Quiero decir: acercarnos a los ídolos.
Me incluyo entre aquellos que lo hacen con la mirada torva y un punto de envidia. Nos hubiera gustado ser uno de ellos, qué se le va a hacer.
En las sobremesas, cuando me preguntan por Lamine Yamal, me explayo, digo todo lo que me sale de dentro, y algunos de esos pensamientos son negativos, supongo que condicionados por las circunstancias de las que le hablado, la mirada torva y todo eso.

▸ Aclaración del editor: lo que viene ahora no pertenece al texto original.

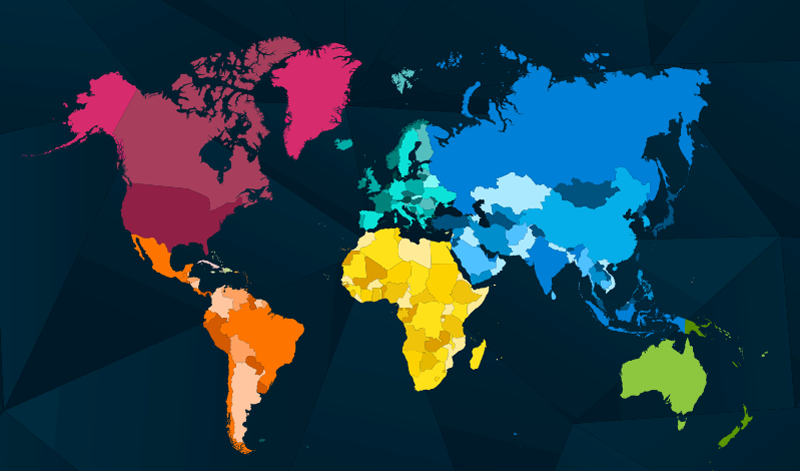 Modern färgglad världskarta matta karta - Tenstickers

Si arranco el discurso, digo que me fascina el fútbol de Lamine Yamal, su jugueteo con el rival y la capacidad de simplificar acciones extraordinariamente complejas, pero que me ofenden sus maneras y que me ruboriza su entorno. Me enervan las fiestas en las que contrata a enanos o el aire de superioridad con el que se maneja en la absurda gala del Balón de Oro (pues es absurda la concesión de un premio individual en un deporte de equipo).
Resignado, observo cómo crece la figura de este adolescente rico y buen jugador, cómo se agiganta, mientras me pregunto qué mecanismos de control manejan su entorno y su club.
No sé si existen esos mecanismos.
Si los hay, por ahora no funcionan.
Quizá, me digo, Lamine Yamal sea el producto de una sociedad que compra todo eso, compra productos excesivos.
De ser así, yo mismo, como periodista deportivo, solo puedo moverme entre la envidiosa resignación y el agradecimiento, pues todo lo que nos aporta este crío será bueno o será malo, pero nos da de qué hablar.